W3C home > Mailing lists > Public > xml-editor@w3.org > July to September 2002

Re: XML Core WG needs input on xml:lang=""

From: John Cowan <jcowan@reutershealth.com>
Date: Fri, 2 Aug 2002 10:52:07 -0400 (EDT)
Message-Id: <200208021505.LAA07182@mail2.reutershealth.com>
To: chris@w3.org
Cc: w3c-xml-plenary@w3.org, jcowan@reutershealth.com (John Cowan), w3c-i18n-ig@w3.org, xml-editor@w3.org, w3c-xml-core-wg@w3.org

Chris Lilley scripsit:

> Aha.
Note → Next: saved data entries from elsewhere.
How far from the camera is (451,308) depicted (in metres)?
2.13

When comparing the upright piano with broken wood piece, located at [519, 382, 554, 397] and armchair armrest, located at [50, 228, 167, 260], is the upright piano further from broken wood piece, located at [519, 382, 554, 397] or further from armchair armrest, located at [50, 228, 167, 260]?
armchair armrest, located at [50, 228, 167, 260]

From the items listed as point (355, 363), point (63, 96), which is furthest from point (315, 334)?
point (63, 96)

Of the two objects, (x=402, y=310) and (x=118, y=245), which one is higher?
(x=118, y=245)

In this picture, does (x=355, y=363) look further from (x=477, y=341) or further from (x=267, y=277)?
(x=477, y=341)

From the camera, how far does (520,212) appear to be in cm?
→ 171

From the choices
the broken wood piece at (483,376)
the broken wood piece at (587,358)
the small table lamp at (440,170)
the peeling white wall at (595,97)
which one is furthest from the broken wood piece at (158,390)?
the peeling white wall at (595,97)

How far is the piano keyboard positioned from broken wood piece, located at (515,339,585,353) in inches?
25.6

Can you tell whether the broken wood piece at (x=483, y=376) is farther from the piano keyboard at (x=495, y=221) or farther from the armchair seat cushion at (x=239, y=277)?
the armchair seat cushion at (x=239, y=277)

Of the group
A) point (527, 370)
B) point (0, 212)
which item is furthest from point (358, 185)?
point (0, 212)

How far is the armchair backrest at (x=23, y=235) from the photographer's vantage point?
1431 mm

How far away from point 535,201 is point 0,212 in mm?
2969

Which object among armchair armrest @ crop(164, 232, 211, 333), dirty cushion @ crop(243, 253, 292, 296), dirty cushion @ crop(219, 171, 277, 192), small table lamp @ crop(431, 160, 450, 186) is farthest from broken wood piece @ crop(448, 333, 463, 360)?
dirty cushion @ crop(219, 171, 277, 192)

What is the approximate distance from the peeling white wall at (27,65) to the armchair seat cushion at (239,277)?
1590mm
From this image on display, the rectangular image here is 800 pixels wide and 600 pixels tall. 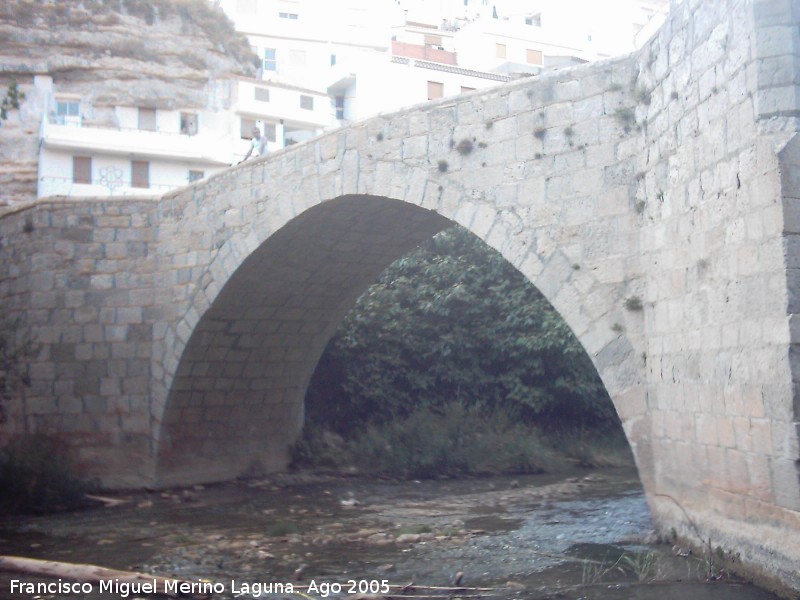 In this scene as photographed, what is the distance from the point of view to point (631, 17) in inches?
1766

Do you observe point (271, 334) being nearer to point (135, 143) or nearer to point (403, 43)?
point (135, 143)

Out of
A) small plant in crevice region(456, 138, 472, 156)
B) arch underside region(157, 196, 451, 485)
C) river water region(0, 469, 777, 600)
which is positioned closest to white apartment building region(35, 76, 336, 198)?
arch underside region(157, 196, 451, 485)

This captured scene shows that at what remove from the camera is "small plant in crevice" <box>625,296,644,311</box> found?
22.1 feet

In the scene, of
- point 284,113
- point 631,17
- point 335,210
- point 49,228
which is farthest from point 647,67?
point 631,17

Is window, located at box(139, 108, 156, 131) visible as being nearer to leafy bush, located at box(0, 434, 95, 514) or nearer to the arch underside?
the arch underside

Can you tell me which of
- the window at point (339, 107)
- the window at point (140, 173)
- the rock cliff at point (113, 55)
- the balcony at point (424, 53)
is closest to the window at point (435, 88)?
the window at point (339, 107)

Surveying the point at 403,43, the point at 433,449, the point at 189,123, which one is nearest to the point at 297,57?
the point at 403,43

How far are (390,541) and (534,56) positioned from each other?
33837mm

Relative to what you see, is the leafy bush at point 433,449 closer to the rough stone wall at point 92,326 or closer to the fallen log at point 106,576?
the rough stone wall at point 92,326

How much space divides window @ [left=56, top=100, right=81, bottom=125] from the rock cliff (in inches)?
11.9

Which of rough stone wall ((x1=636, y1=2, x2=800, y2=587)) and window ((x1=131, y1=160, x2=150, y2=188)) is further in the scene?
window ((x1=131, y1=160, x2=150, y2=188))

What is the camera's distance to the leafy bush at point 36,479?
10141 mm

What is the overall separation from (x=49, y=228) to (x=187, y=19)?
24992 millimetres

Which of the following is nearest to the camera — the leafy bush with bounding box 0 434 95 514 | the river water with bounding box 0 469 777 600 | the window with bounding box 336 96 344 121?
the river water with bounding box 0 469 777 600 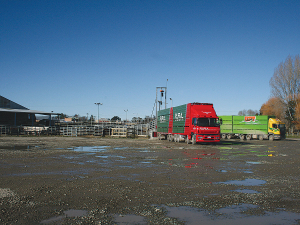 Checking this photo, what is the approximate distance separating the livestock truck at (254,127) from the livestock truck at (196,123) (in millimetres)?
9661

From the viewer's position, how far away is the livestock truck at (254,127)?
126 feet

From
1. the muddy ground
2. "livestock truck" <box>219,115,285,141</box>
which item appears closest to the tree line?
"livestock truck" <box>219,115,285,141</box>

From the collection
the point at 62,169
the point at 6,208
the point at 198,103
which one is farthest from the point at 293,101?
the point at 6,208

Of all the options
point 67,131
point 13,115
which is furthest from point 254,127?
point 13,115

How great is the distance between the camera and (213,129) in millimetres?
25625

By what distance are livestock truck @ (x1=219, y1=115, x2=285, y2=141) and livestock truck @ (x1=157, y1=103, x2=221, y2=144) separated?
9661 mm

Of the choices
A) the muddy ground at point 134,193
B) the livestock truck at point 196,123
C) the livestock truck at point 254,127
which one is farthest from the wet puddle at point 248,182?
the livestock truck at point 254,127

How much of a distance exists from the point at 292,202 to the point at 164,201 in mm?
2816

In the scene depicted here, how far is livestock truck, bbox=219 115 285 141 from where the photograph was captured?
38.3 metres

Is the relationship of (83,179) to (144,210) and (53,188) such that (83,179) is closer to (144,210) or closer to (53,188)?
(53,188)

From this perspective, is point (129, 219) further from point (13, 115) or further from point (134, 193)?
point (13, 115)

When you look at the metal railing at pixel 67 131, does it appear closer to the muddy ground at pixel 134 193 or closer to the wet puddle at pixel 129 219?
the muddy ground at pixel 134 193

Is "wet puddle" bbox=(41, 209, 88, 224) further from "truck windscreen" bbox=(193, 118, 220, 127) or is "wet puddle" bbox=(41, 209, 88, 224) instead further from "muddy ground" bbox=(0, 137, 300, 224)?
"truck windscreen" bbox=(193, 118, 220, 127)

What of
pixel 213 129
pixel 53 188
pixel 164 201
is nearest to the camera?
pixel 164 201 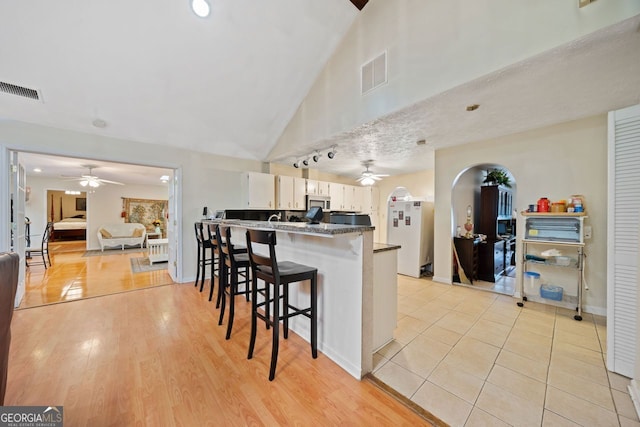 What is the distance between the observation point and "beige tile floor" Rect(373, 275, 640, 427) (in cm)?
143

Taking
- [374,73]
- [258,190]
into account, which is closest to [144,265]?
[258,190]

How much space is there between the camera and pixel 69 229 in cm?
874

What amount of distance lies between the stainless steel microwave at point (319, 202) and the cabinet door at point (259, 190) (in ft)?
2.91

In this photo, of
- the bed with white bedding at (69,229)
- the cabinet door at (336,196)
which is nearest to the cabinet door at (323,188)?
the cabinet door at (336,196)

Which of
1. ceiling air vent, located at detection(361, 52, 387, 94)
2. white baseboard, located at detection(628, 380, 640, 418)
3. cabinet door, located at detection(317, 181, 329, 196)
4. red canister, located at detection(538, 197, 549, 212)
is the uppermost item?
ceiling air vent, located at detection(361, 52, 387, 94)

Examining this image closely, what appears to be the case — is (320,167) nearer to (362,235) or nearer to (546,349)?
(362,235)

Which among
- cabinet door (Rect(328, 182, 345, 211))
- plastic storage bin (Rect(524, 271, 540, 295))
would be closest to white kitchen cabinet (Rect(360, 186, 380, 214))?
cabinet door (Rect(328, 182, 345, 211))

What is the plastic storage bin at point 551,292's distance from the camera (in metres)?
2.99

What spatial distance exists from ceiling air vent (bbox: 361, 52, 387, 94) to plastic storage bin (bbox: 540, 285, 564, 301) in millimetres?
3414

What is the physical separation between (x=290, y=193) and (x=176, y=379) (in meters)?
3.73

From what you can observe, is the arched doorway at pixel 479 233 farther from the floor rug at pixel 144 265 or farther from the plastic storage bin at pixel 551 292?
the floor rug at pixel 144 265

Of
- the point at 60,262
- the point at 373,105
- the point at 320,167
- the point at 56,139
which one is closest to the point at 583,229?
the point at 373,105

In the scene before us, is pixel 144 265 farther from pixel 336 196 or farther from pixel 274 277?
pixel 274 277

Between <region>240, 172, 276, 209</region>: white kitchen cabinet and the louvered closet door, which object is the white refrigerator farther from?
the louvered closet door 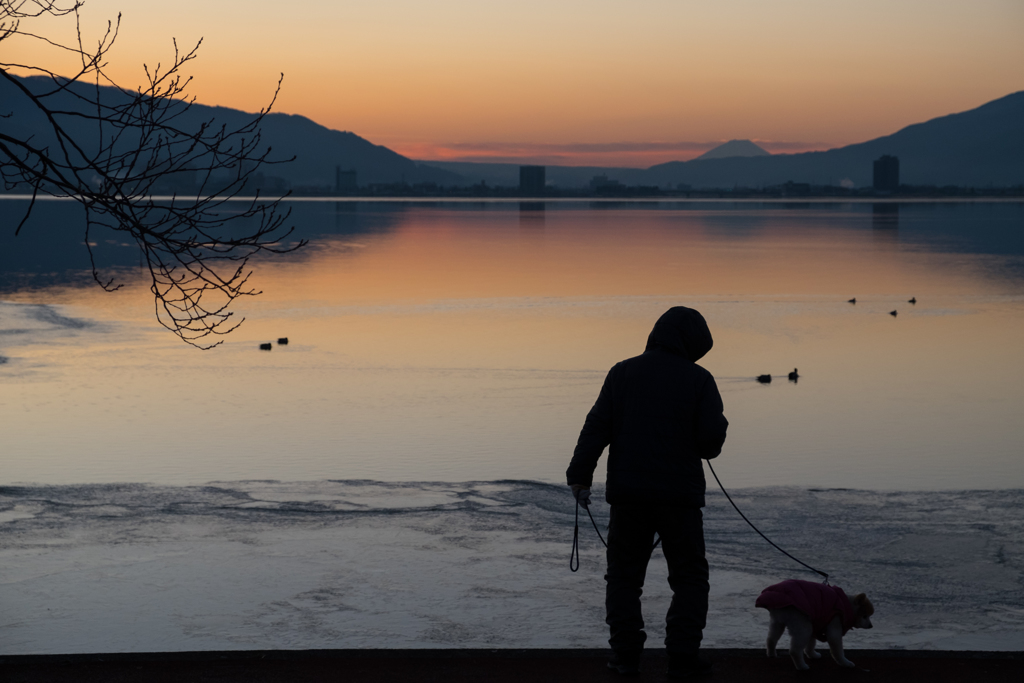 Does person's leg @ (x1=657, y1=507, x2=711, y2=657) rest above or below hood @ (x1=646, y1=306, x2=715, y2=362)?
below

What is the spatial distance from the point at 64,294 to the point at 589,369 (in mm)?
16093

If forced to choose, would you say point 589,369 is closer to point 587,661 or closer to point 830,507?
point 830,507

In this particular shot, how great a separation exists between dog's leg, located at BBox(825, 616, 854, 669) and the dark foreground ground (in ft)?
0.18

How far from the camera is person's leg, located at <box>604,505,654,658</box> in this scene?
518cm

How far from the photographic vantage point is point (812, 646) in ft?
17.6

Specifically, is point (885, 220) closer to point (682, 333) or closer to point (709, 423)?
point (682, 333)

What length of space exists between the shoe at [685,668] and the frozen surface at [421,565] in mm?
1448

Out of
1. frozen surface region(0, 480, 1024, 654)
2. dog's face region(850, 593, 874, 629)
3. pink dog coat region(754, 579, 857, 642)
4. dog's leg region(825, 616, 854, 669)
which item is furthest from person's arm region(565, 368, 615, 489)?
frozen surface region(0, 480, 1024, 654)

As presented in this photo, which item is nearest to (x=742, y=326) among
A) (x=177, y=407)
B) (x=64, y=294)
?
(x=177, y=407)

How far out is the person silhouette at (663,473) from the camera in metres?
5.09

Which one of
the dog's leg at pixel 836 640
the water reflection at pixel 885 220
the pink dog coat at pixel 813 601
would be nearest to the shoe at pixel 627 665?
the pink dog coat at pixel 813 601

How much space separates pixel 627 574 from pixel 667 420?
0.77 metres

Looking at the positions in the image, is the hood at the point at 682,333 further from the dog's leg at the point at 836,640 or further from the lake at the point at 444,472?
the lake at the point at 444,472

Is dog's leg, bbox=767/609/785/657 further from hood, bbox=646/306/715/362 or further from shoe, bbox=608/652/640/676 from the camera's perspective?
hood, bbox=646/306/715/362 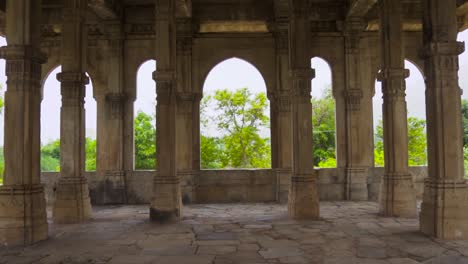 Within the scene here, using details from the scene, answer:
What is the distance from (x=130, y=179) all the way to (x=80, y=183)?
4.86 metres

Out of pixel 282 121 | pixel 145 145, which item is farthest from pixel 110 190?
pixel 145 145

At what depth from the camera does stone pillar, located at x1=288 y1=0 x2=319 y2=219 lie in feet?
32.3

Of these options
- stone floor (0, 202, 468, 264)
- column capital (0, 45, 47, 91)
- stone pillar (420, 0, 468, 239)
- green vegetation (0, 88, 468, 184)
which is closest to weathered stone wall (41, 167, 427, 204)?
stone floor (0, 202, 468, 264)

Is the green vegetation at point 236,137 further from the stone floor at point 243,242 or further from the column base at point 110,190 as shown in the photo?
the stone floor at point 243,242

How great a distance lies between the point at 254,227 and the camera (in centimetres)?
885

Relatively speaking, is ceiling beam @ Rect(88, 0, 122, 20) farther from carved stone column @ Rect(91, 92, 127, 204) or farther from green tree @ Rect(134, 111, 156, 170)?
green tree @ Rect(134, 111, 156, 170)

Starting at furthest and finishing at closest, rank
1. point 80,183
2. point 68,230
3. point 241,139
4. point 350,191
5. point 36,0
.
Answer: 1. point 241,139
2. point 350,191
3. point 80,183
4. point 68,230
5. point 36,0

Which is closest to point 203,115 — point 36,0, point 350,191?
point 350,191

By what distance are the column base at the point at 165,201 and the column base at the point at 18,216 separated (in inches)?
114

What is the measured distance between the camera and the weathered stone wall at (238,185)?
14.7m

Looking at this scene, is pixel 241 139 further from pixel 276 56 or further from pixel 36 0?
pixel 36 0

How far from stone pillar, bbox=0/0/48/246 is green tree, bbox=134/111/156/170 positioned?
78.6ft

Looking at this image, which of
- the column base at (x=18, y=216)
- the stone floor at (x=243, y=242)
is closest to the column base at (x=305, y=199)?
the stone floor at (x=243, y=242)

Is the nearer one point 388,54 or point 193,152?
point 388,54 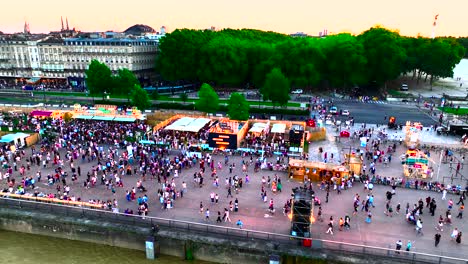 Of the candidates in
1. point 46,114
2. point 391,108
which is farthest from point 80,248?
point 391,108

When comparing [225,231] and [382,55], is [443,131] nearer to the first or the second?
[382,55]

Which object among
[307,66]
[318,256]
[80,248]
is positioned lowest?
[80,248]

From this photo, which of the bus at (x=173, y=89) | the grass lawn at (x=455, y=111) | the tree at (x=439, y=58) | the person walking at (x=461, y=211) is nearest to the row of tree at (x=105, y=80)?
the bus at (x=173, y=89)

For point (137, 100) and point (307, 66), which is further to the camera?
point (307, 66)

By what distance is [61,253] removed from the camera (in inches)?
843

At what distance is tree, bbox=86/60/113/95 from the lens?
61625 millimetres

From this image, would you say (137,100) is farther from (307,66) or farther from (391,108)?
(391,108)

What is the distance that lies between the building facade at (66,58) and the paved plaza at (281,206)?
5214 cm

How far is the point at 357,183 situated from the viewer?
28.3 m

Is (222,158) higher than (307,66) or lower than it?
lower

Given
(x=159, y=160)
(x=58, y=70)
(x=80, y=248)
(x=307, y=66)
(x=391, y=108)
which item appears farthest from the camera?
(x=58, y=70)

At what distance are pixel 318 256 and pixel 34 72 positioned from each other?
272 ft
The last part of your sentence means this is a rather different
> proposal than I had thought.

Please note that this part was in error. xml:lang="" *may* signal that
that a non-human language is in use, but does not require it: it is
formally the same as not using xml:lang at all.

> A question. Is
> 
> <foo/>
> 
> thus equivalent to
> 
> <foo xml:lang="und"/>
> 
> and not equivalent to
> 
> <foo xml:lang=""/>

No, the first and third are equivalent.

> In other words, what is asserted by the absence of xml:lang on the
> root element?  Is it an absence of information or is it some form of
> positive assertion?  I would suggest that it is an absence of
> information. For example, a program that pulls text from a
> multilingual database, or accepts human input, and makes little xml
> instances containing this text. The program does not know what
> language is, so it says nothing. This is not the same as the text
> being in an unknown language.

Yes, absolutely.

> Is "" appropriate for "undeclaring" a previously declared language?
> Would "nal" or somesuch (by analogy with NaN for numbers) not be more
> appropriate for non-human languages? You could then declare the value
> of xml:lang to be "" or "xml:nal" or "an RFC 3066 code" and keep "" to
> mean "undeclare" rather than "declare a specific thing". 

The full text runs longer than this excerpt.